NKT's CEO on record-breaking order year: "It's a good position to be in"

”We didn’t get what we expected, we got more,” says the CEO of NKT.
Photo: Nkt
Photo: Nkt
by MARKETWIRE

In 2023, the cable group NKT more than doubled its order book, which at the end of the year amounted to EUR 10.8bn.

The order development in the past year has been better than NKT had hoped for, and this was in a market where the order awards were unprecedented.

This is according to the company’s CEO, Claes Westerlind, in an interview with MarketWire.

”In high-voltage cables, EUR 15bn in firm orders were awarded in 2023, but in addition, more than EUR 15bn in committed capacity reservations were agreed. This brings the total market to an unprecedented EUR 30 bn,” says Westerlind.

Higher market share than expected

Of the EUR 15bn in firm orders, NKT snapped up EUR 7bn.

”We didn’t get what we expected, we got more. A 45% market share is, in our opinion, a huge success - so a big recognition to the employees for securing the orders.”

”The large order book gives NKT a strong starting point for the years to come in terms of earnings visibility, and it underlines our competitiveness when facing the main competitors around Europe and the world,” says Westerlind.

After the record-high level of awards in 2023, NKT expects its average addressable high-voltage market to be over EUR 10bn per year between 2024 and 2030.

But market volumes can easily fluctuate both up and down in an individual year, depending on the timing of when the big deals are signed.

”If such a deal changes between December and January, it makes no difference to a company like NKT or to competitors, but it makes a big difference to the market volume for a single year.”
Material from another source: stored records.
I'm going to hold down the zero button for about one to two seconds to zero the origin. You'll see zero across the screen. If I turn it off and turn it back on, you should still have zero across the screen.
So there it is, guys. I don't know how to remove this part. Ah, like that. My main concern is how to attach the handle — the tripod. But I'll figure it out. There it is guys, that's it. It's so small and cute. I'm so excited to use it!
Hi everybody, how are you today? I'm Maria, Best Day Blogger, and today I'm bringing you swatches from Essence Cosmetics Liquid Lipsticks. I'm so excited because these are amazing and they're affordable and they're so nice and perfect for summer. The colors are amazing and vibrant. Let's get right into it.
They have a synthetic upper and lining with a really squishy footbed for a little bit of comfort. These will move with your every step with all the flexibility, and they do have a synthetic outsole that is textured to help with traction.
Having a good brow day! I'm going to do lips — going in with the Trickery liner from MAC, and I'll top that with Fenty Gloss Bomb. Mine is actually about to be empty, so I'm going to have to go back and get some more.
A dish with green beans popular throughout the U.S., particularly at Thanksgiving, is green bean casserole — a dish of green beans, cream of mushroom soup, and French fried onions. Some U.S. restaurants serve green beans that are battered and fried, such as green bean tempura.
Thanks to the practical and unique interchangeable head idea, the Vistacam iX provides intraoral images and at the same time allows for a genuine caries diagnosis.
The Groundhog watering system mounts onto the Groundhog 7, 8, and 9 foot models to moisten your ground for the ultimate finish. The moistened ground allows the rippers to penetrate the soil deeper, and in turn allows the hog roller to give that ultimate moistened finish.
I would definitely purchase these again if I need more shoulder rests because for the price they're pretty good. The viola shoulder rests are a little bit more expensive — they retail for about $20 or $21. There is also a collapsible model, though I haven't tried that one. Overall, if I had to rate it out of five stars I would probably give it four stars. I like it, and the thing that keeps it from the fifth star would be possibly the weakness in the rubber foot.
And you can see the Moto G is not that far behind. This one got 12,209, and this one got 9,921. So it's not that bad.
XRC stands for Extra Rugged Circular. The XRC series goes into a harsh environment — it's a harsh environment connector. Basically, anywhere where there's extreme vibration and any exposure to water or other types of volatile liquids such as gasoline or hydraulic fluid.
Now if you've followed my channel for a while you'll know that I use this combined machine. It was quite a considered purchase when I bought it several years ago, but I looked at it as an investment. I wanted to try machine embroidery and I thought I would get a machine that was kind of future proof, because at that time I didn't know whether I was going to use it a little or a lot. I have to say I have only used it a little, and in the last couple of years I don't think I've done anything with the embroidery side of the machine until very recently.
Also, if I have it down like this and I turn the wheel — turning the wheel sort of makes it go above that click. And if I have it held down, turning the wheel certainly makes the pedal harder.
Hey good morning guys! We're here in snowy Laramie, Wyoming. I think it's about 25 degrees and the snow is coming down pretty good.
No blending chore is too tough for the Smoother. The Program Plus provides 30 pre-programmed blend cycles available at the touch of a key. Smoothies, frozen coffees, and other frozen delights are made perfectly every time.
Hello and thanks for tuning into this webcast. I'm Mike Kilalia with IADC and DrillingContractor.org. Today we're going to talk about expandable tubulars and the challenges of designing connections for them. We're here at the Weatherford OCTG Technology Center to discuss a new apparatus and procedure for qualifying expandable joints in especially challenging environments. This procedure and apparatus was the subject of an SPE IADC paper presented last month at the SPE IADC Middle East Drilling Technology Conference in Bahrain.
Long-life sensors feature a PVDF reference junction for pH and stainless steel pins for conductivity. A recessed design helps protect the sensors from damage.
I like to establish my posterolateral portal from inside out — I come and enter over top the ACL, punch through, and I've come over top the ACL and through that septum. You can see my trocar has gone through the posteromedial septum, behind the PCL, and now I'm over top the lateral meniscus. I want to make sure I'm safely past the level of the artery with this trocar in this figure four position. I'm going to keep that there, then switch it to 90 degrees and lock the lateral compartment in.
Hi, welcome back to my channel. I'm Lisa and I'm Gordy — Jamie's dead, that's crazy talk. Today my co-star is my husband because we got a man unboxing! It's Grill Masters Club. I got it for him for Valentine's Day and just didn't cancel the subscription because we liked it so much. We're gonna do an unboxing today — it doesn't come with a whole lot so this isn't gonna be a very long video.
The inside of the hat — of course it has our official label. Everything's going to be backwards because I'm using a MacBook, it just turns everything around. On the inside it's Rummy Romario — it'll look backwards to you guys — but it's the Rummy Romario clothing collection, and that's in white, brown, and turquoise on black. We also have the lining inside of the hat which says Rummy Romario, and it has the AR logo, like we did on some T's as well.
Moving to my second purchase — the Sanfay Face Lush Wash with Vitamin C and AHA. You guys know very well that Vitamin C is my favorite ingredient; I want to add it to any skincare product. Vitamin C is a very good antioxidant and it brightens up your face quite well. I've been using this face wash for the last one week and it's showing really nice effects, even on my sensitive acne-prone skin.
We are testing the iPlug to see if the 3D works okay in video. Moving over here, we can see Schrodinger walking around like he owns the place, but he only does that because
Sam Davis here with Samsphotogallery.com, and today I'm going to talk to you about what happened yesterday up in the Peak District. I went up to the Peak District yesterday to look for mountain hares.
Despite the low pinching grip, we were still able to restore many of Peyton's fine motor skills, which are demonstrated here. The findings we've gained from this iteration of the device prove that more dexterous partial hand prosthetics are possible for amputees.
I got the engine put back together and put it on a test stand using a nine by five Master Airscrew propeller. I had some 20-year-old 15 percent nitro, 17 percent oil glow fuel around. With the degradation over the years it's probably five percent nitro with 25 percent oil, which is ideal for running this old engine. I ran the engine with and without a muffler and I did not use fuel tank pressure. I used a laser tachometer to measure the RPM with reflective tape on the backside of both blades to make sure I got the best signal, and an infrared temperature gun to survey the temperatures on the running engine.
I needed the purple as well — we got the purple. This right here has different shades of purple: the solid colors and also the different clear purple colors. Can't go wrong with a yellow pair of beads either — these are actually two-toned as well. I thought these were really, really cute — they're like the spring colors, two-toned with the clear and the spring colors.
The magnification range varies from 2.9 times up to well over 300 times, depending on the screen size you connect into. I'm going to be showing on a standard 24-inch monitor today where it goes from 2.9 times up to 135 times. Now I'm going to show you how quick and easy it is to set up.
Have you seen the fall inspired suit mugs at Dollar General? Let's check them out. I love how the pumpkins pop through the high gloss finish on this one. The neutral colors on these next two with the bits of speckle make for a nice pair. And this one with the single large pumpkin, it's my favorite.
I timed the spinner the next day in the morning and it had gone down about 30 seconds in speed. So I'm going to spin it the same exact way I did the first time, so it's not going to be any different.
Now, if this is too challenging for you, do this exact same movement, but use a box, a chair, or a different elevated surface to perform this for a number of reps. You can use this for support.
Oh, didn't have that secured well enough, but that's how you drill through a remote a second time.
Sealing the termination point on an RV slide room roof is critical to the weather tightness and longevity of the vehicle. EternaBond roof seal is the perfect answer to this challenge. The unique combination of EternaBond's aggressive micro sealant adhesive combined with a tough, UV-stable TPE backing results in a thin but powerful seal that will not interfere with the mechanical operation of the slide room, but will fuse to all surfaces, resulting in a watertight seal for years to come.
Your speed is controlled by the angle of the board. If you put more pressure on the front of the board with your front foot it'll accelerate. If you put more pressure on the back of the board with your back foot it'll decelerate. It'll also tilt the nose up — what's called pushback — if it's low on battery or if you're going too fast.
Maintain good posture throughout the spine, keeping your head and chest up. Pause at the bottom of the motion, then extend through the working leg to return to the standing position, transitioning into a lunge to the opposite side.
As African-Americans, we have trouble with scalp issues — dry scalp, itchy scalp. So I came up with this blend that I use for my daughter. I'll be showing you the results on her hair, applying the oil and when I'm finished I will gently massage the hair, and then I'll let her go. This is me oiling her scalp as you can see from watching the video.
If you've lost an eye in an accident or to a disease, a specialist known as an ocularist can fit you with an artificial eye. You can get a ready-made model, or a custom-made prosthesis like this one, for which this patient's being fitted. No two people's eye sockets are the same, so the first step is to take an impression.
”So we can easily see a market exceeding EUR 10bn for this year because the market activity is high, but there is also the possibility that it could be lower in the coming years,” says Westerlind.

Striving for the right orders

But the CEO does not expect NKT to continue to take 45% of the orders in the future.

”Our goal is a market share of somewhere between 20 and 30%, and hopefully 25-30%. But I also want to emphasize that market share is more vanity than value as such. We strive for the right orders with the right balance between risk and reward - and to create a profitable order book for NKT.”

”With a record-breaking order book, we can also afford to lose projects. It’s a good position to be in,” says Westerlind.

However, he is reluctant to elaborate on which contracts NKT will be chasing in the coming period.

”For competitive reasons, I would be a little cautious about revealing what we are aiming for, but the factory expansions we have made and are making are primarily within HVDC cables (high-voltage cables based on DC technology, ed.) - this is also the primary market we see going forward,” explains Westerlind.

Can take on more

The other question is how much additional capacity NKT actually has in terms of new orders.

”This is also a thorny issue for competitive reasons, but it goes without saying that with a record-high order book, we also have a record-high earnings visibility and thus limited capacity.”

”We have also already reserved some of the capacity we are establishing in Karlskrona, but we do not have full capacity coverage in the years up to 2030. In the near period for this year and for 2025, we have good earnings visibility and utilization of the factories, but if we can offer more land cables or smaller submarine cable projects - yes, we can, but there are not huge amounts of capacity available in the short term,” says Westerlind.